Paul Johnson said the chancellor wasted civil servants' time by asking them to find a way to allow him to say he will be able to bring borrowing in this year below last year's total - down from £121 billion to £120.9 billion.
"There is every indication that the numbers have been carefully managed with a close eye on the headline borrowing figures for this year. It is unlikely that this has led either to an economically optimal allocation of spending across years or to a good use of time by officials and ministers," Johnson said.
Speaking at a post-Budget briefing in central London on Thursday, Johnson said: "The truth is that borrowing is the same this year as it was last year and it will be the same next year as this year. Because of that, this year's precedent suggests that there must be a risk that effort will be expended again next year to shift spending into 2014-15."
Johnson said the borrowing figures were "desperately disappointing" for Osborne, who would now have to borrow £70bn more in 2013-15 than he had originally hoped.
The IFS also warned that Wednesday's Budget could lead to "severe" public spending cuts and possible tax rises after the next election in 2015.
The economic forecaster said that given healthcare, schools and international development were protected from spending cuts the outlook for other departments was "grim".
"While the overall spending envelope has not been increased since the eye wateringly tight one implied by the Autumn Statement, nearly £5bn of additional spending on capital, childcare and social care has been committed to. That leaves even less for everything else," Johnson said.

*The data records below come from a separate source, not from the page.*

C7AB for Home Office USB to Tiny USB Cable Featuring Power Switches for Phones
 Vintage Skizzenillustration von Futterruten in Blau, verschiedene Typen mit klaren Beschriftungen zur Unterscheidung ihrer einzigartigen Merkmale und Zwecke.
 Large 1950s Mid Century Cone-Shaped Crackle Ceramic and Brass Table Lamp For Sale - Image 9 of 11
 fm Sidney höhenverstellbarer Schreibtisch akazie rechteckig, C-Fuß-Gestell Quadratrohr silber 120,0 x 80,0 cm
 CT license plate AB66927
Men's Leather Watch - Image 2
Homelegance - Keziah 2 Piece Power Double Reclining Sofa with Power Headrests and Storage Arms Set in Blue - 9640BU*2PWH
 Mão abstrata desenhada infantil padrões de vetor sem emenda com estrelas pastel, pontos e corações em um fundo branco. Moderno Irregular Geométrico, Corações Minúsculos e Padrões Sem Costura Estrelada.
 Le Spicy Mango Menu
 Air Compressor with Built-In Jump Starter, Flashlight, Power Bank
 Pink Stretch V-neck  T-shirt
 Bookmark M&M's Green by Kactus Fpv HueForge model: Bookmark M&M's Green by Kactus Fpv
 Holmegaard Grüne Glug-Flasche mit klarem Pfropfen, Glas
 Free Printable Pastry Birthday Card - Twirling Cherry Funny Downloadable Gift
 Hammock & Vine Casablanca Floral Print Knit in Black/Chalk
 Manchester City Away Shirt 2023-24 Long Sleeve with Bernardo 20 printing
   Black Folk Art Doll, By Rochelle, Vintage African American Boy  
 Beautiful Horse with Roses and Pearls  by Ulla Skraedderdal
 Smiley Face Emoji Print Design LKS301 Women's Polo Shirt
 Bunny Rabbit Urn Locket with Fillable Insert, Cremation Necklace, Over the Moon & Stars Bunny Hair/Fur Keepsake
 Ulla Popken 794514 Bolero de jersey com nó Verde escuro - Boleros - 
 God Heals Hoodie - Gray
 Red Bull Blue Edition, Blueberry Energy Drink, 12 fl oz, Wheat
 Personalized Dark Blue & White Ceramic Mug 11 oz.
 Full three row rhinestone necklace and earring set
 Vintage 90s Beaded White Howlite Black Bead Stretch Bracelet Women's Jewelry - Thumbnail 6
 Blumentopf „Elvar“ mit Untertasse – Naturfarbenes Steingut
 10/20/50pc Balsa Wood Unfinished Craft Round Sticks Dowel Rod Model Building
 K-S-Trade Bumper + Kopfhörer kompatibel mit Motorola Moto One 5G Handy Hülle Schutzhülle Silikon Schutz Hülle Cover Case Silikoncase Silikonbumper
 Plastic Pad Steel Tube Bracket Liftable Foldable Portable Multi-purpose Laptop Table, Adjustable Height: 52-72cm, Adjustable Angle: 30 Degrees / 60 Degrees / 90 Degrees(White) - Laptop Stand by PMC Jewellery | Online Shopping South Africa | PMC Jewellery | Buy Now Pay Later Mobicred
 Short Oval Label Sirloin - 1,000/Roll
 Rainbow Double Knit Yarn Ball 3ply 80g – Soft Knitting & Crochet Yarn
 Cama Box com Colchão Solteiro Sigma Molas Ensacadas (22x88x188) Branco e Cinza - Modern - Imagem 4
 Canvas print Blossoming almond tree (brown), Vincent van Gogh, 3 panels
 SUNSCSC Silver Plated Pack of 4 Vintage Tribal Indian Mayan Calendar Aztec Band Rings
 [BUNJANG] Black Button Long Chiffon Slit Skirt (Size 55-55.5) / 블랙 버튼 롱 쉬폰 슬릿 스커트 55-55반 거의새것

The economic forecaster said the chancellor's decision to cancel the rise in fuel duty and increase the income tax allowance threshold and cut corporation tax meant he would be spending a "remarkable" £24bn a year on those changes by 2016-17.
"That would be a big investment at any time. In the current fiscal climate this is a striking investment in an arrow range of priority areas," he said.
Osborne was defended by former Tory chancellor Norman Lamont, who told HuffPost UK he did not believe there had been a "fiddling of the accounts" as Treasury officials "don’t let you get away with" such "tricks".